* **DESCRIPTION OF THE TASK**
Across the records below, how many lines include the word "Handmade"? State only the number.
—————
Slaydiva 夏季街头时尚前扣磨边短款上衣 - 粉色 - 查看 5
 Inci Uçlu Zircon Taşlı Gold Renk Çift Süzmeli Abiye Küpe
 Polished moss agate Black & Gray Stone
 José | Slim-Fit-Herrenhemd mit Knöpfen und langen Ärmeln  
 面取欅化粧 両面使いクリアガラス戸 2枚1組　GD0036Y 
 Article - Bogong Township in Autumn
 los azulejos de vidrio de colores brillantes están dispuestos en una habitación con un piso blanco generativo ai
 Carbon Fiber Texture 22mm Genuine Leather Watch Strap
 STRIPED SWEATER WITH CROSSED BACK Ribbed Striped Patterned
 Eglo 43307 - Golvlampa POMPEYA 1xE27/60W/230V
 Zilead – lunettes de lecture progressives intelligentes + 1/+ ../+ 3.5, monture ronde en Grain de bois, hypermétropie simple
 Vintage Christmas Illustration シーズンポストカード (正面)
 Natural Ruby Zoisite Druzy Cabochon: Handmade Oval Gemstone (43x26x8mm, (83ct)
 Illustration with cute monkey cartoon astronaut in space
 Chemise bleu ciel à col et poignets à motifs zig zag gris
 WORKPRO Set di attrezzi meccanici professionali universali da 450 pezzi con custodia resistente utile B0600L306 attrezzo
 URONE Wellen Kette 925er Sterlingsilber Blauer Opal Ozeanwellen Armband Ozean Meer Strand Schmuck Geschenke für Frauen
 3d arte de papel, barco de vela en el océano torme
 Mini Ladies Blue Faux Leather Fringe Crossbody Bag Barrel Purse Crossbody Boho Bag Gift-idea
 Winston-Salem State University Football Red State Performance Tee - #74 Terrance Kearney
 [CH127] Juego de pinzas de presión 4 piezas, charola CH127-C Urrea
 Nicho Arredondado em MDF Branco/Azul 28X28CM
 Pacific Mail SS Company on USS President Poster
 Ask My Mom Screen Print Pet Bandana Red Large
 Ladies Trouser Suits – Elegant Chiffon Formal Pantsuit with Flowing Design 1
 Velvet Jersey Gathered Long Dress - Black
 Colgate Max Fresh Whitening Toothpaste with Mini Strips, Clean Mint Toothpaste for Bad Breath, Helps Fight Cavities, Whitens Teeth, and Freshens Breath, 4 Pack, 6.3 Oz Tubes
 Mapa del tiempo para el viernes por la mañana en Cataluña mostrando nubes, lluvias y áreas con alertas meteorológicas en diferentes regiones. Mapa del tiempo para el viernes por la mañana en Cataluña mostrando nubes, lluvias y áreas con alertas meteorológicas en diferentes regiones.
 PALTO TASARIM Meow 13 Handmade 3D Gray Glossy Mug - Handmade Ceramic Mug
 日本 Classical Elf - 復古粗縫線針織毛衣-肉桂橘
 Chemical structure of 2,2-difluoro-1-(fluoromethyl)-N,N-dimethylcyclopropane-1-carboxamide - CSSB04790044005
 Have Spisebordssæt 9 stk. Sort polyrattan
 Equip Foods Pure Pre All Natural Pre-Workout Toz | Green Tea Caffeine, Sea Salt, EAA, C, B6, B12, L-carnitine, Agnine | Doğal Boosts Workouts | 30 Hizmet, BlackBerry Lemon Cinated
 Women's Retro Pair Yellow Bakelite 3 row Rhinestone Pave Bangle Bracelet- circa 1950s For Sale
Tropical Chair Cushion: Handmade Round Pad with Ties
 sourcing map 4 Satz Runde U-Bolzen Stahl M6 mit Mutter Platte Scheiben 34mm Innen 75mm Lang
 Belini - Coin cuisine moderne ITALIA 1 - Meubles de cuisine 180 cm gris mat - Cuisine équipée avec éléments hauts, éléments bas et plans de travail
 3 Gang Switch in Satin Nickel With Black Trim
—————
* **RESPONSE**
3